Changelog

All notable changes to this project will be documented in this file.

The format is based on Keep a Changelog, and this project adheres to Semantic Versioning.

[0.5.1] - 2026-07-11

Theme: harden the surfaces around detection. A hardening release that fixes the advertised-but-broken layers around the (solid) detection core — the REST API, sanitize(), archive/zip-bomb defense, and CLI output/exit behavior — so what the docs promise matches what a caller actually gets.

Added

REST API microservice (doc_firewall.api:app).
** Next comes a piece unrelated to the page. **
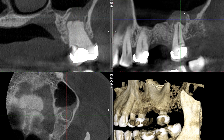Not only that, it may have perforated the maxillary sinus, as we fail to see the continuous corticated outline of the floor right here.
The documented FastAPI service now exists: POST /scan (multipart upload, profile + enable_ml query params) and GET /health. Ships the advertised controls — X-API-Key auth against the api_keys_path SHA-256 key store, per-key sliding-window rate limiting (api_rate_limit_rpm), and a streamed upload cap (api_max_upload_bytes, enforced by Content-Length and byte count). Server deps live in a new [api] extra (fastapi, uvicorn, python-multipart).
--fail-on {none,flag,block} CLI flag. doc-firewall scan can now gate CI / shell pipelines by exiting non-zero (code 2, distinct from the exit-1 used for usage/operational errors) when a scanned document's verdict meets the threshold. Default none preserves the historical always-0 behavior.
[test] install extra. pytest, hypothesis, pyyaml, pyahocorasick, striprtf, html5lib — so pip install -e ".[test]" && pytest is green from the documented command. pyyaml + pyahocorasick are also in [dev].
sanitize_verify_rescan config flag (default True) — re-scans the cleaned copy and enforces the residual-threat contract (see Fixed).
limits.max_archive_total_uncompressed_mb config (default 200) — total expansion budget across a nested-archive tree.
evidence_max_chars config (default 250) — one authoritative, configurable cap for evidence["malicious_text"], applied uniformly to every finding (see Fixed).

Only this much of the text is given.